[Task directions] Check every line below for the word "Daily" and show those that hold it.

[Information]

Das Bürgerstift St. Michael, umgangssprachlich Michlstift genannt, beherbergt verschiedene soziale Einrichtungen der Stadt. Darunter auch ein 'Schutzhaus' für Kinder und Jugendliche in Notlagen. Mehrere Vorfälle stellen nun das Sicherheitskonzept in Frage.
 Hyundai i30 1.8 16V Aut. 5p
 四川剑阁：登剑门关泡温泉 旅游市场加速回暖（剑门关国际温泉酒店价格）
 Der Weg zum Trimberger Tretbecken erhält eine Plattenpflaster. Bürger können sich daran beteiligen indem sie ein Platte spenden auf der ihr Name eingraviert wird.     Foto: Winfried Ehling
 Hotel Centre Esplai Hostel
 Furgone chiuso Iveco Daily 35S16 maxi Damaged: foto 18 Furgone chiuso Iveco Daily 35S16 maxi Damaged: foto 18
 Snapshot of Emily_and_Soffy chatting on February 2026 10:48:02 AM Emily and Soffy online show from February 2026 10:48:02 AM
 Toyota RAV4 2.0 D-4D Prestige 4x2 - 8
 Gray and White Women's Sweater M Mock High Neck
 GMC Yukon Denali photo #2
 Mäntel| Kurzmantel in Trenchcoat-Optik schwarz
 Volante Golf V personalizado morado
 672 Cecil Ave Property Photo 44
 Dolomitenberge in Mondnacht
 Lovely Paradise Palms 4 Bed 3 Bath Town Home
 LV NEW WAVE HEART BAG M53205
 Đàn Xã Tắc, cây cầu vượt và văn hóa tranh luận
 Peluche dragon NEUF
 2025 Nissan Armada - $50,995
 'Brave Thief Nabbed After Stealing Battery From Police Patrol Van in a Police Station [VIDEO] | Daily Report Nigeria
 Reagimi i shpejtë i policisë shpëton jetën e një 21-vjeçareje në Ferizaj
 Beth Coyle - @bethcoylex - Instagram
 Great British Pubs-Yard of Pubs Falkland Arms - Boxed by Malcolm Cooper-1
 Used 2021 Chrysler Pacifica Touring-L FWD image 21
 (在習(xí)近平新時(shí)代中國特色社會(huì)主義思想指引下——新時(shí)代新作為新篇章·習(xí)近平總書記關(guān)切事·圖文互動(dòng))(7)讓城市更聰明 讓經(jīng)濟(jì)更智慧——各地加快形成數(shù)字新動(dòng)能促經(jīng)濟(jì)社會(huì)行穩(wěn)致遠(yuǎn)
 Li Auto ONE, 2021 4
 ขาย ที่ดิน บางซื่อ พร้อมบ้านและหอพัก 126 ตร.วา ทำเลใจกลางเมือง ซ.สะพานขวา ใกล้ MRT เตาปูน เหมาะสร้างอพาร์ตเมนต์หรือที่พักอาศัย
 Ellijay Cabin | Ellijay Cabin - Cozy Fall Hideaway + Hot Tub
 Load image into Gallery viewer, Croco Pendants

[Final answer]
 Furgone chiuso Iveco Daily 35S16 maxi Damaged: foto 18 Furgone chiuso Iveco Daily 35S16 maxi Damaged: foto 18
 'Brave Thief Nabbed After Stealing Battery From Police Patrol Van in a Police Station [VIDEO] | Daily Report Nigeria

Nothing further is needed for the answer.